Assigned task: Return each entry below word for word, leaving out any image.

Extracted records:
- - - -
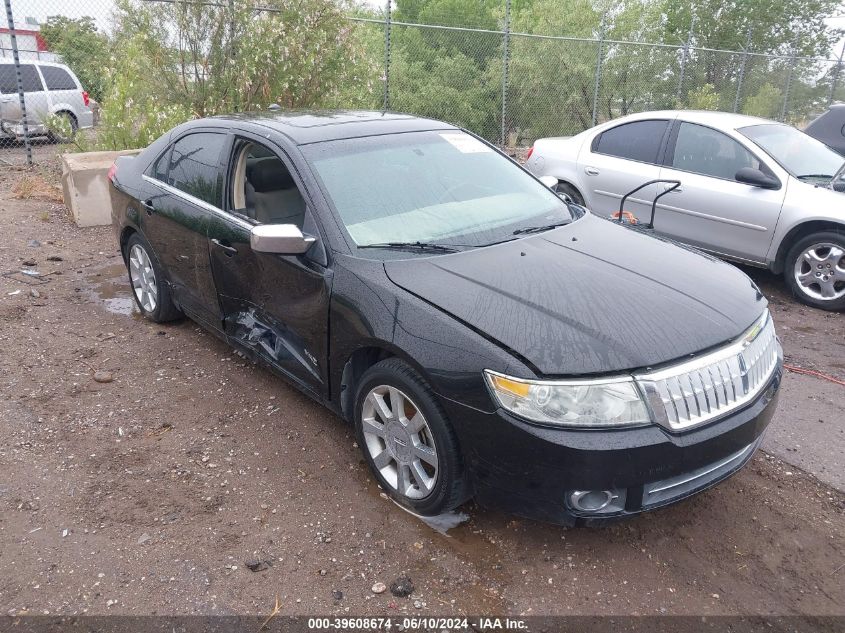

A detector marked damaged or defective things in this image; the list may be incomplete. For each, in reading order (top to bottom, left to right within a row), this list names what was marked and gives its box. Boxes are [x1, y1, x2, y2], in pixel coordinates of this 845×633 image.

damaged black sedan [109, 110, 780, 524]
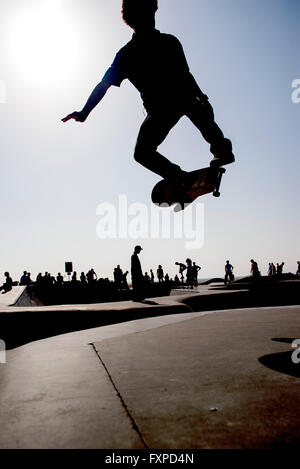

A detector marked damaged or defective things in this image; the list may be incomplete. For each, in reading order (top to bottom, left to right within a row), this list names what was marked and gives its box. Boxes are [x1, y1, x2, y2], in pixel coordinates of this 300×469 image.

crack in concrete [89, 342, 149, 448]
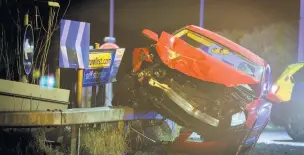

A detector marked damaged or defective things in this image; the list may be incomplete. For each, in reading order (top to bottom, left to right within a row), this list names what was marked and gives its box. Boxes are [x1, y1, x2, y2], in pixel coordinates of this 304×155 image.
- - - -
Your response:
A detector marked damaged or defective things in this image; the list may be incomplete. For each, in reading order (top to bottom, left to right within a row), this list names what was marked and gives its box. Boxes are [x1, y1, x2, y2], in pixel coordinates of this 845×633 image.

damaged black sedan [109, 110, 780, 524]

A detector marked damaged or defective things in this image; the list may be incomplete. For each, in reading order (top to bottom, left to right within a row), this list names what was marked and gives its box. Boxes are [x1, y1, x2, y2], in pixel coordinates of this 300×469 image.

crack in concrete [89, 342, 149, 448]

A detector marked damaged or defective things in this image; the list may be incomplete. For each, in reading order (top to bottom, left to right within a row), this list names what was marked and gives its box. Boxes are [x1, y1, x2, y2], in pixel coordinates of this 304×155 image.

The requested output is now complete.